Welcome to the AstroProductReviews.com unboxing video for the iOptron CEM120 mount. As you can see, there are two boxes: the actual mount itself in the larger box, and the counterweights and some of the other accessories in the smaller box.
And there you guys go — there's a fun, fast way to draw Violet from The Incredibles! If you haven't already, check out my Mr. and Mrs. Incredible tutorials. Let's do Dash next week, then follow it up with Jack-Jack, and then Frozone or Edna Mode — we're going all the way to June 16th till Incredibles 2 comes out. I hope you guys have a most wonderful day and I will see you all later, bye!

------------------------------------

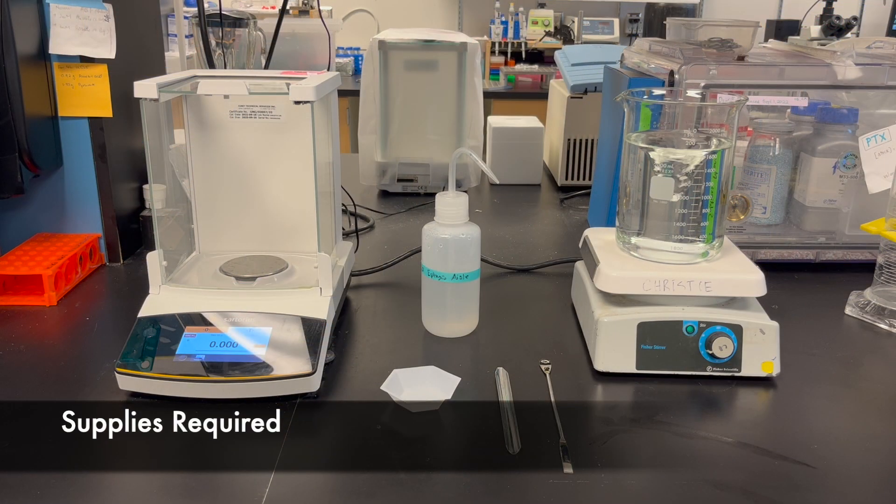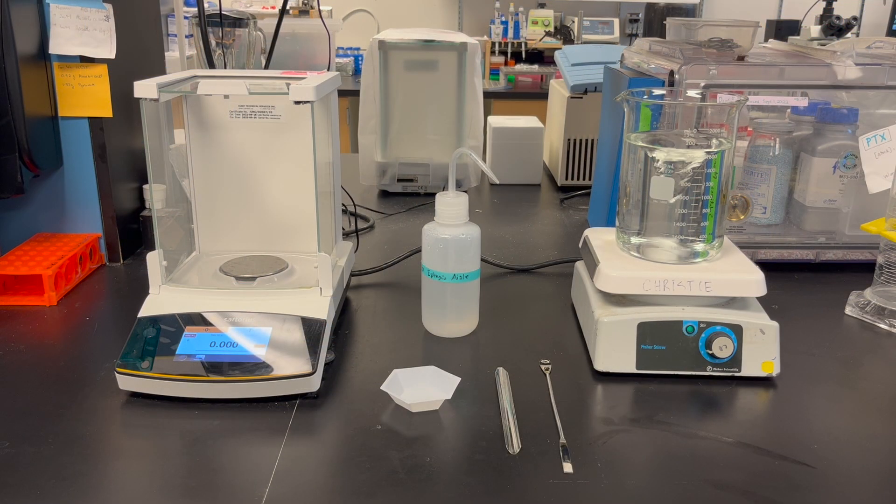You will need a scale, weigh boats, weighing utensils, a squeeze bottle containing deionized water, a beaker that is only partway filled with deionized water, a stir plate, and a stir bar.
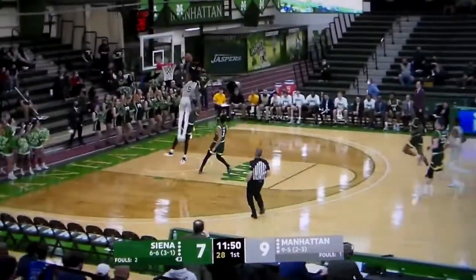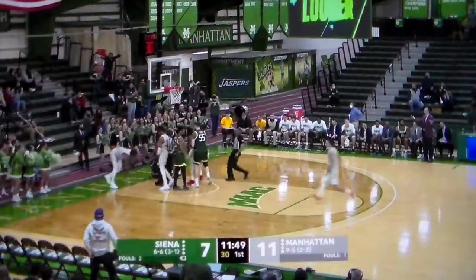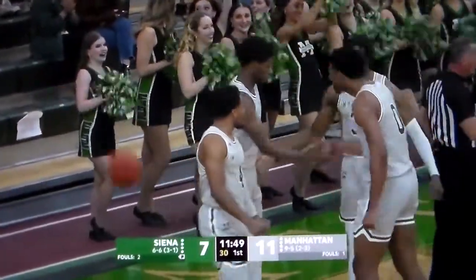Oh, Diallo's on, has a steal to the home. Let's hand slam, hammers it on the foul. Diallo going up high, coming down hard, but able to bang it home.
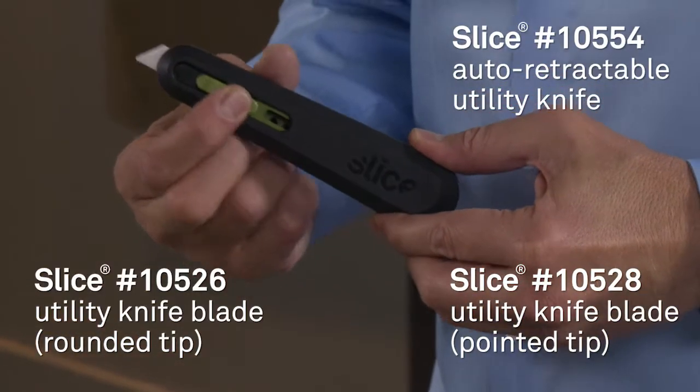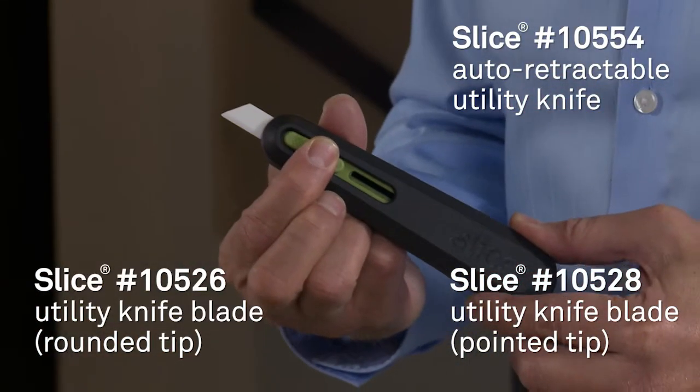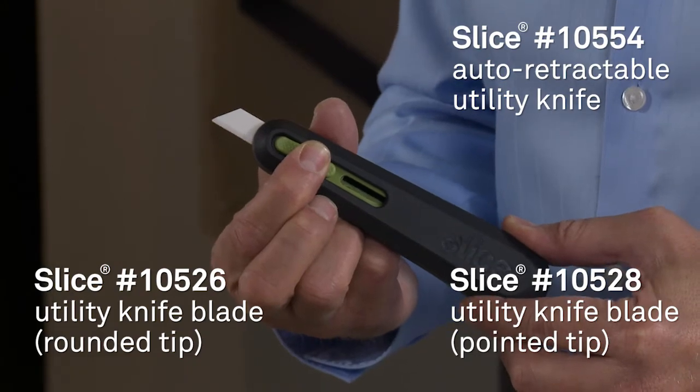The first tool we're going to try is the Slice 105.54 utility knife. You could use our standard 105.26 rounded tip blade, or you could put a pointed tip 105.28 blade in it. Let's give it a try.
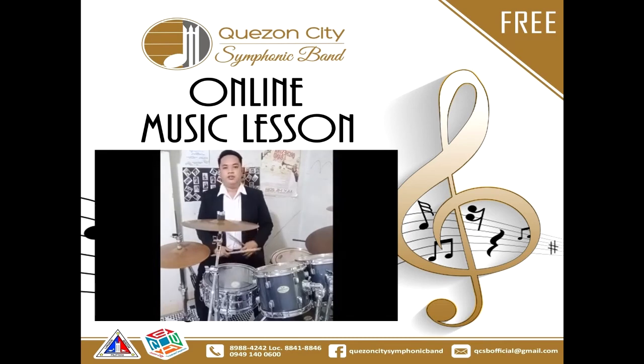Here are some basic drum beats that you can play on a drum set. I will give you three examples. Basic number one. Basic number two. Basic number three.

------------------------------------

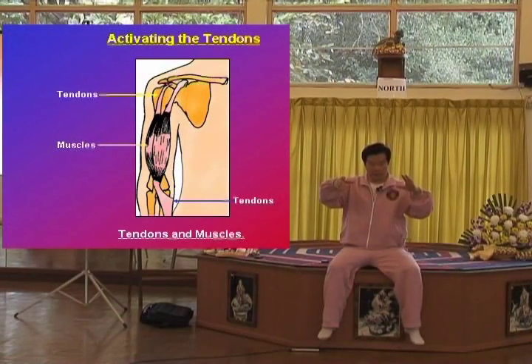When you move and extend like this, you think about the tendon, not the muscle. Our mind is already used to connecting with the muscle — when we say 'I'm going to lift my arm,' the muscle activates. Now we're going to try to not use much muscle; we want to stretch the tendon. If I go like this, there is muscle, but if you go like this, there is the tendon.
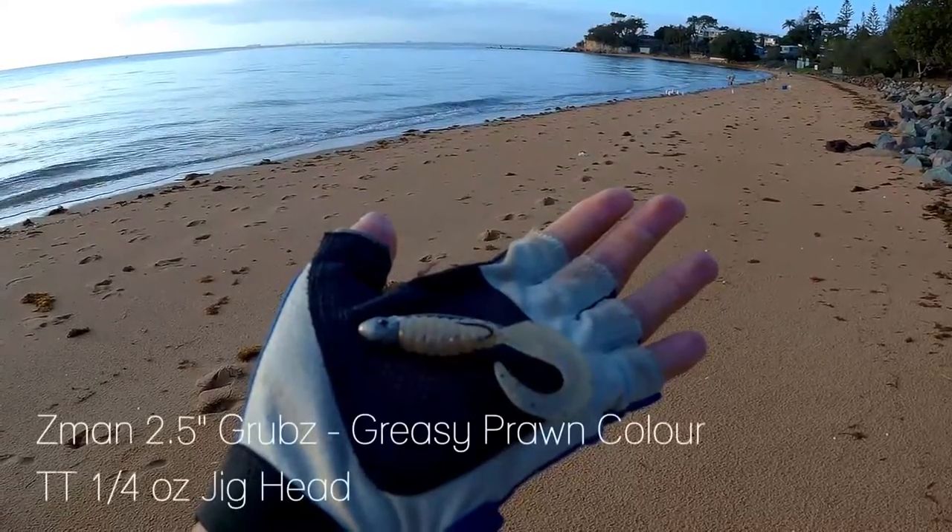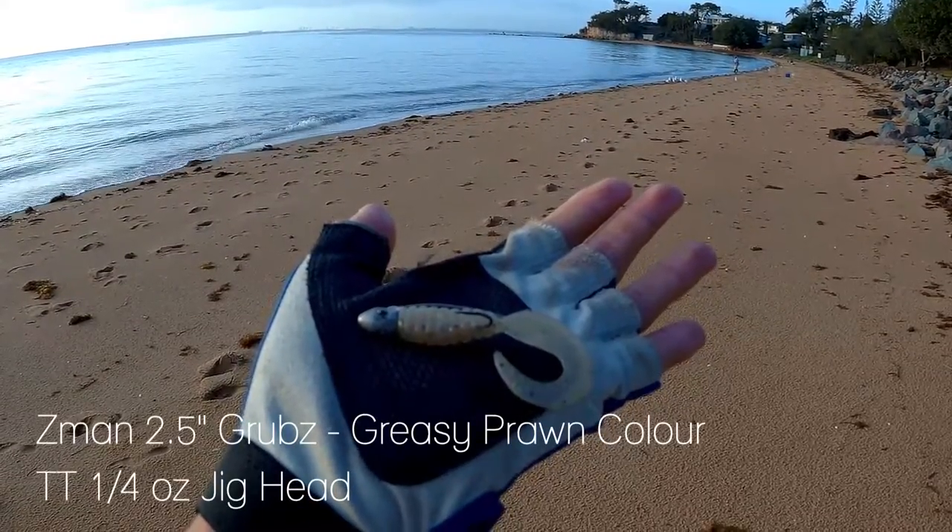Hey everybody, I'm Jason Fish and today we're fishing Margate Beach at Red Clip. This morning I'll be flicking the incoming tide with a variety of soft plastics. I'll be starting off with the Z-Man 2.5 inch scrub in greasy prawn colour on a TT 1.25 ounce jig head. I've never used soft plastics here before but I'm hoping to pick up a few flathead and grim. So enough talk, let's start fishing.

------------------------------------

Problem
Copy exactly the material above from the line with "When you move" to the line with "Hey everybody, I'm", ends included, and nothing else. Leave out any picture.

Exercise answer
When you move and extend like this, you think about the tendon, not the muscle. Our mind is already used to connecting with the muscle — when we say 'I'm going to lift my arm,' the muscle activates. Now we're going to try to not use much muscle; we want to stretch the tendon. If I go like this, there is muscle, but if you go like this, there is the tendon.
Hey everybody, I'm Jason Fish and today we're fishing Margate Beach at Red Clip. This morning I'll be flicking the incoming tide with a variety of soft plastics. I'll be starting off with the Z-Man 2.5 inch scrub in greasy prawn colour on a TT 1.25 ounce jig head. I've never used soft plastics here before but I'm hoping to pick up a few flathead and grim. So enough talk, let's start fishing.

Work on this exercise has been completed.